Transformers Learn Shortcuts to Automata
This addresses the fundamental question of how non-recurrent models achieve efficient reasoning, with implications for understanding and improving AI systems, though it is incremental in extending theoretical insights to Transformers.
The paper tackled the problem of how shallow Transformer models can perform algorithmic reasoning without recurrence, finding that they can represent finite-state automata computations with fewer layers than steps, specifically showing polynomial-sized O(log T)-depth solutions exist and O(1)-depth simulators are common.

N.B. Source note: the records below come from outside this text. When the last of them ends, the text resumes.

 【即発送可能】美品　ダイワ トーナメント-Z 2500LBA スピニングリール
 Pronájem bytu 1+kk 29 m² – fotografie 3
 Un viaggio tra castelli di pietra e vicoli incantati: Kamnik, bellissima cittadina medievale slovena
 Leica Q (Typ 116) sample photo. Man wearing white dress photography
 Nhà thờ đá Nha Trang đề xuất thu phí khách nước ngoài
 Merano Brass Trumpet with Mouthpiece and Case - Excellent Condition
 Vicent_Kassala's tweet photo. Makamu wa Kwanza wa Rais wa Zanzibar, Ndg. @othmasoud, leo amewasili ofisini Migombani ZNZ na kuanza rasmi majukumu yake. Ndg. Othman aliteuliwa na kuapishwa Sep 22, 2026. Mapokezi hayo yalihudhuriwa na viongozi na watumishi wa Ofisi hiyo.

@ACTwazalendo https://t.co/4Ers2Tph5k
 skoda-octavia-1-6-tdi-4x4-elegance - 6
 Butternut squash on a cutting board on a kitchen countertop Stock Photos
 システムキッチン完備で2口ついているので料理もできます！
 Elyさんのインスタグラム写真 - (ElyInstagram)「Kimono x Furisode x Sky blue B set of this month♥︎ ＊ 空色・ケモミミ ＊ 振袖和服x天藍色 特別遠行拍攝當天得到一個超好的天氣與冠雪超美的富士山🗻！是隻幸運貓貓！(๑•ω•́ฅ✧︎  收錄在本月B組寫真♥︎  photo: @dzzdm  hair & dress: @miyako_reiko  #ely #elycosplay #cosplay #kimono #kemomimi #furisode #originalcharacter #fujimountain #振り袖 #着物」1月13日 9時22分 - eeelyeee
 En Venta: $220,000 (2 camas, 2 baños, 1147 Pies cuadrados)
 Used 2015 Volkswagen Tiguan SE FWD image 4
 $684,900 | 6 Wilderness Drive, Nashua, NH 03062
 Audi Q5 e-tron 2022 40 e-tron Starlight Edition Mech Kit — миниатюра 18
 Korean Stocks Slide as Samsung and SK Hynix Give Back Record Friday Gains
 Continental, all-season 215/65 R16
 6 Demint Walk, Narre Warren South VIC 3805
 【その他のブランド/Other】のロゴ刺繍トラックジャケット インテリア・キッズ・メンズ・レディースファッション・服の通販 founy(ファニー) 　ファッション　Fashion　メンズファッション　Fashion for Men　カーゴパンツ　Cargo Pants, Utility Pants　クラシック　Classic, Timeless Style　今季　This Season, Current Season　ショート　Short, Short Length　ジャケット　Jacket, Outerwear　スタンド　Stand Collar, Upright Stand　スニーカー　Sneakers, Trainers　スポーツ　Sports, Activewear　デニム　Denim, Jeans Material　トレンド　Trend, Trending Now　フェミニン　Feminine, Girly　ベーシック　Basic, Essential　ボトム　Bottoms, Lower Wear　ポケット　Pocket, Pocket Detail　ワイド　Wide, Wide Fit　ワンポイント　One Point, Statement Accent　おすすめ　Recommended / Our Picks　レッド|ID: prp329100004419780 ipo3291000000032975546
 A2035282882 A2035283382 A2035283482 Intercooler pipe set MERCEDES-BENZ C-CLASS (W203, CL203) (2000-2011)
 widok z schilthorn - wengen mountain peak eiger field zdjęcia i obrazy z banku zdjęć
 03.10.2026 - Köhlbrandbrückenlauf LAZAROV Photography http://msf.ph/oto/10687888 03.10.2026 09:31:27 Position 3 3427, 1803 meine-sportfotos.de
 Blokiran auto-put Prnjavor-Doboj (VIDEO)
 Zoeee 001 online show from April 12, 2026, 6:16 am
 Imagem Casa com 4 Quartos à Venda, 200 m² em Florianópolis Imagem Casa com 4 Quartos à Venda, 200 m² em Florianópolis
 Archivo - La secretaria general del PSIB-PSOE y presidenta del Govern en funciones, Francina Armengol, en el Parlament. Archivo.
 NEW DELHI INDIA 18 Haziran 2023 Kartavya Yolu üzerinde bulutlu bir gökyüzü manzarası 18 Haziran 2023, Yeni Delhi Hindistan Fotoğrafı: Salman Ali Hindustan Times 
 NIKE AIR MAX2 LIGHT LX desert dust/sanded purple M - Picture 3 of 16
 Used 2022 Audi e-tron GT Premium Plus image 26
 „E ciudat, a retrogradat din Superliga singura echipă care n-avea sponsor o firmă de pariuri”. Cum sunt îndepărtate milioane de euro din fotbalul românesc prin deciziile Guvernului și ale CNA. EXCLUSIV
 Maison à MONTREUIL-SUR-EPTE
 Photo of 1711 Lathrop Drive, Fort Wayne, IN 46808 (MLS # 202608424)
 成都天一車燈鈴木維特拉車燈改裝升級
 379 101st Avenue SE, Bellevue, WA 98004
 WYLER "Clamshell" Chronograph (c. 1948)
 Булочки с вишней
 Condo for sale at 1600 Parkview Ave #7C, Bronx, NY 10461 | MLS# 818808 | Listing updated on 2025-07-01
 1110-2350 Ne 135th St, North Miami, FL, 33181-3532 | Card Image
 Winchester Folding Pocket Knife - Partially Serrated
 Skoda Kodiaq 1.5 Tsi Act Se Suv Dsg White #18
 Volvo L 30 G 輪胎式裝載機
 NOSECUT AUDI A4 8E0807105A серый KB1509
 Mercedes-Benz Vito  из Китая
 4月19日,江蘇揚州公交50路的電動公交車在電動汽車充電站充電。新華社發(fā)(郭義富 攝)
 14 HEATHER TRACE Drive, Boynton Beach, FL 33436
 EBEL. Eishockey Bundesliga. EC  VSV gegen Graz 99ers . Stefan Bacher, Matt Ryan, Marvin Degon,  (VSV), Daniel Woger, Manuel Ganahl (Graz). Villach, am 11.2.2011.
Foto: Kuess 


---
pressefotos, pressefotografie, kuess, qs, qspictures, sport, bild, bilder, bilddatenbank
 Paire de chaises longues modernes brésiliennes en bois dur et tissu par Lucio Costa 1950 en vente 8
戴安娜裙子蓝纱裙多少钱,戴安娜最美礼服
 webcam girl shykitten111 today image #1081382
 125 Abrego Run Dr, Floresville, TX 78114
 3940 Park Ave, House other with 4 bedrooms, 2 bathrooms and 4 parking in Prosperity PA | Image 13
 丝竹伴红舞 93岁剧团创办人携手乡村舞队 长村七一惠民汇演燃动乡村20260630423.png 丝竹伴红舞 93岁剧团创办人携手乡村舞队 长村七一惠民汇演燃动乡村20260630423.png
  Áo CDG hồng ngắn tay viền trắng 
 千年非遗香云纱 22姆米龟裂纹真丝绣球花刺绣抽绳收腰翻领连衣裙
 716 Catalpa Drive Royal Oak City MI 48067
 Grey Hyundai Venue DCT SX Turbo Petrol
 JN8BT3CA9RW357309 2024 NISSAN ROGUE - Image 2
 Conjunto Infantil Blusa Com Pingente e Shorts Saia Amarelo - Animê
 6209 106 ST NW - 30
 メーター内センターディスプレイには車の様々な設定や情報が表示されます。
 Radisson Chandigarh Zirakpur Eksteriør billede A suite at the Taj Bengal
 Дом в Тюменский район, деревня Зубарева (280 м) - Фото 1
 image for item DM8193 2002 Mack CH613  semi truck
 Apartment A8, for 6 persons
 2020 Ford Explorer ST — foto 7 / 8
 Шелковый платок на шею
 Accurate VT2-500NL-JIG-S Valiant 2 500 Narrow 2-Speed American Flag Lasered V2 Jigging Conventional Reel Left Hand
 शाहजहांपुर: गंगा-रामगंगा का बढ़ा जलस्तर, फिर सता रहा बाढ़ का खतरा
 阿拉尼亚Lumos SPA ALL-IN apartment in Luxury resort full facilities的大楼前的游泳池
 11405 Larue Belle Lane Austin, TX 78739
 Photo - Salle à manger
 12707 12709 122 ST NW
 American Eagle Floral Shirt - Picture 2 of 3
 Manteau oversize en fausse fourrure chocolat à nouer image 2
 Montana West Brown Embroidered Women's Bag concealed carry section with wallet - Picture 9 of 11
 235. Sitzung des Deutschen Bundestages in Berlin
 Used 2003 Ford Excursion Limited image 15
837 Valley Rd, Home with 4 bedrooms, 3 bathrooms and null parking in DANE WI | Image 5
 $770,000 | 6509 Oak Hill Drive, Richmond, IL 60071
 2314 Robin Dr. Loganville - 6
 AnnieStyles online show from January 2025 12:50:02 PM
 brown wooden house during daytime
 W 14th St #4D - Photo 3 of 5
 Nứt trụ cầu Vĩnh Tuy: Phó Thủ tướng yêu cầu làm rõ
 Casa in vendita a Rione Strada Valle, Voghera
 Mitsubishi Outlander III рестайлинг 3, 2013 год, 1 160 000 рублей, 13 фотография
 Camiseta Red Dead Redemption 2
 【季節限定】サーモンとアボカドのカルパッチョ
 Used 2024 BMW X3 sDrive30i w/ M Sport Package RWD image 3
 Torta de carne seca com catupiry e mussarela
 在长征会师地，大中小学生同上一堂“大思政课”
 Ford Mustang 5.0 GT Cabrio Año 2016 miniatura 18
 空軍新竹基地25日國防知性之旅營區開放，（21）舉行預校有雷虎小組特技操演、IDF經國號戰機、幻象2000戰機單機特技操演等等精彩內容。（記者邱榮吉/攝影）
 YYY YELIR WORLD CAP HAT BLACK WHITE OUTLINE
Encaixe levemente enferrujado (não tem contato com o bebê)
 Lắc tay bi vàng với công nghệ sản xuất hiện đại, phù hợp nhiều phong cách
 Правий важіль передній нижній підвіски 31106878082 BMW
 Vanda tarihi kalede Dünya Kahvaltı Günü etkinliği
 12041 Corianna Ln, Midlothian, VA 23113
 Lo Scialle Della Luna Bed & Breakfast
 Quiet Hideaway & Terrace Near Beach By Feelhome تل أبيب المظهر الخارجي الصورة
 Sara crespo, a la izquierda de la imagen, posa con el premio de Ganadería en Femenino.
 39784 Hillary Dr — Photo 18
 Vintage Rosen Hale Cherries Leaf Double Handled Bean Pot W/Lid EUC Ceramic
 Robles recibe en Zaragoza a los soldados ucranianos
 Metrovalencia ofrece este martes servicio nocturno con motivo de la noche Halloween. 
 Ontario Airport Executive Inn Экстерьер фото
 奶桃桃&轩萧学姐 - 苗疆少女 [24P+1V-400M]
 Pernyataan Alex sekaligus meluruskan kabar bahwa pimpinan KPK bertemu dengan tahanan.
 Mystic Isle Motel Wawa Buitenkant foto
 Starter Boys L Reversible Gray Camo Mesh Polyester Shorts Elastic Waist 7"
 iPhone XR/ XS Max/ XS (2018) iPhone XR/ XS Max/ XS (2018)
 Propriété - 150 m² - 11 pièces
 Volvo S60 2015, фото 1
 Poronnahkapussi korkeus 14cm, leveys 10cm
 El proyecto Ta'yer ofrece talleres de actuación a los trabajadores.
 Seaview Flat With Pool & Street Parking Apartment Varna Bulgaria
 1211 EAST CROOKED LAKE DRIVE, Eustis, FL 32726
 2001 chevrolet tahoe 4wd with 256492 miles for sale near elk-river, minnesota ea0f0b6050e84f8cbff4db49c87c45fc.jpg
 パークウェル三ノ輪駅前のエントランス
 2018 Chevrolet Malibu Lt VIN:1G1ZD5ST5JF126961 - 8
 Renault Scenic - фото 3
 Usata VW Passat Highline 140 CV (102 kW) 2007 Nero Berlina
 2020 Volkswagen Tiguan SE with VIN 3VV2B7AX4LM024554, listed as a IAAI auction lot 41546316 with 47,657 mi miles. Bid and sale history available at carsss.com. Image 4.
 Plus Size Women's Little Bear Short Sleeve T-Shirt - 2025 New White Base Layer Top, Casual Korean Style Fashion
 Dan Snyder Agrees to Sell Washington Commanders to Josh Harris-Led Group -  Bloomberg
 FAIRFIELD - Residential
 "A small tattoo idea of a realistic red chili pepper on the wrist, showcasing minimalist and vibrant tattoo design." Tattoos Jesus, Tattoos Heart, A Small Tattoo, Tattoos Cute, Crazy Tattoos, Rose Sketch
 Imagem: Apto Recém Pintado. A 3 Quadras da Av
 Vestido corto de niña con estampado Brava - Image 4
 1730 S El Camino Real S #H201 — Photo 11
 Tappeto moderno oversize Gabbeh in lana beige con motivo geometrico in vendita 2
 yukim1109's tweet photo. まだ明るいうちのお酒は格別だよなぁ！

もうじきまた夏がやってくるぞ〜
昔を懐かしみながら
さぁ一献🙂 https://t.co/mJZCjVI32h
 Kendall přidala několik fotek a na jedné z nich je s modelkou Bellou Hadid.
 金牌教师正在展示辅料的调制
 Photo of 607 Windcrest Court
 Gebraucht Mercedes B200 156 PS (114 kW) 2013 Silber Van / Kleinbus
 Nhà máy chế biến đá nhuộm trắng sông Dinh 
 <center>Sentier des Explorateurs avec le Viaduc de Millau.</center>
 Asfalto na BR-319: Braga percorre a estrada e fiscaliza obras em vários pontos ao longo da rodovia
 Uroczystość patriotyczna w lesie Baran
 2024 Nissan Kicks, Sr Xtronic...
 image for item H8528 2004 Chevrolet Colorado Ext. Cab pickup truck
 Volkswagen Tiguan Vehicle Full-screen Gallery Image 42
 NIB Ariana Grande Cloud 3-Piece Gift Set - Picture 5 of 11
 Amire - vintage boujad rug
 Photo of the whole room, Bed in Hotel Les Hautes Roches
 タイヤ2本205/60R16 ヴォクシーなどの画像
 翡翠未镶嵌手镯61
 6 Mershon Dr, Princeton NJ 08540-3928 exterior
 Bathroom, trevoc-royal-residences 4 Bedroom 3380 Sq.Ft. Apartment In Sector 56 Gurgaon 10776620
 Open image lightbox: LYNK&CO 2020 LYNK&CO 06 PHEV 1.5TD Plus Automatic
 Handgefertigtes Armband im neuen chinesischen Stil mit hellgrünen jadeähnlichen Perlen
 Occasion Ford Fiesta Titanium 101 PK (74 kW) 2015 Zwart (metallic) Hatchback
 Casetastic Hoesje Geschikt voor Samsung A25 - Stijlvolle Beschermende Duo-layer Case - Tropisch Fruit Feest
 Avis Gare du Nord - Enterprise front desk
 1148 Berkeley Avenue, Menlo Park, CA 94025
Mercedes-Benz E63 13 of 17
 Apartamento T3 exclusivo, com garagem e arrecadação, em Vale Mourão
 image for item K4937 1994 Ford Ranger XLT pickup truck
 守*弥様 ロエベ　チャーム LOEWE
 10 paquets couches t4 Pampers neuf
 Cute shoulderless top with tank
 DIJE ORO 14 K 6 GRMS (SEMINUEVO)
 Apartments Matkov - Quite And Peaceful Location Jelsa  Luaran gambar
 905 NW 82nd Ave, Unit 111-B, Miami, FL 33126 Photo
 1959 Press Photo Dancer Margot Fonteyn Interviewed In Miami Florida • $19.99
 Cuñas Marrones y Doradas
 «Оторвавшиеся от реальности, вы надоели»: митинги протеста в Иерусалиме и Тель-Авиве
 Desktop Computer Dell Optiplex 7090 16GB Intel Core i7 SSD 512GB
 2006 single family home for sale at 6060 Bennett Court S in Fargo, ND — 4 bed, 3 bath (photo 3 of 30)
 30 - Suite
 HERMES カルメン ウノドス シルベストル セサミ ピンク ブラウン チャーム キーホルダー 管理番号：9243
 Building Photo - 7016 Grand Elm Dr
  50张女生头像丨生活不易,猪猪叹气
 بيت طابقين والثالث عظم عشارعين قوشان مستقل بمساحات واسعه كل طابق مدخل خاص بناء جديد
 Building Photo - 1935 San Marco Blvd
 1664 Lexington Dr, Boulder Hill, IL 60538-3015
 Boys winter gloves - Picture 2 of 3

Algorithmic reasoning requires capabilities which are most naturally understood through recurrent models of computation, like the Turing machine. However, Transformer models, while lacking recurrence, are able to perform such reasoning using far fewer layers than the number of reasoning steps. This raises the question: what solutions are learned by these shallow and non-recurrent models? We find that a low-depth Transformer can represent the computations of any finite-state automaton (thus, any bounded-memory algorithm), by hierarchically reparameterizing its recurrent dynamics. Our theoretical results characterize shortcut solutions, whereby a Transformer with $o(T)$ layers can exactly replicate the computation of an automaton on an input sequence of length $T$. We find that polynomial-sized $O(\log T)$-depth solutions always exist; furthermore, $O(1)$-depth simulators are surprisingly common, and can be understood using tools from Krohn-Rhodes theory and circuit complexity. Empirically, we perform synthetic experiments by training Transformers to simulate a wide variety of automata, and show that shortcut solutions can be learned via standard training. We further investigate the brittleness of these solutions and propose potential mitigations.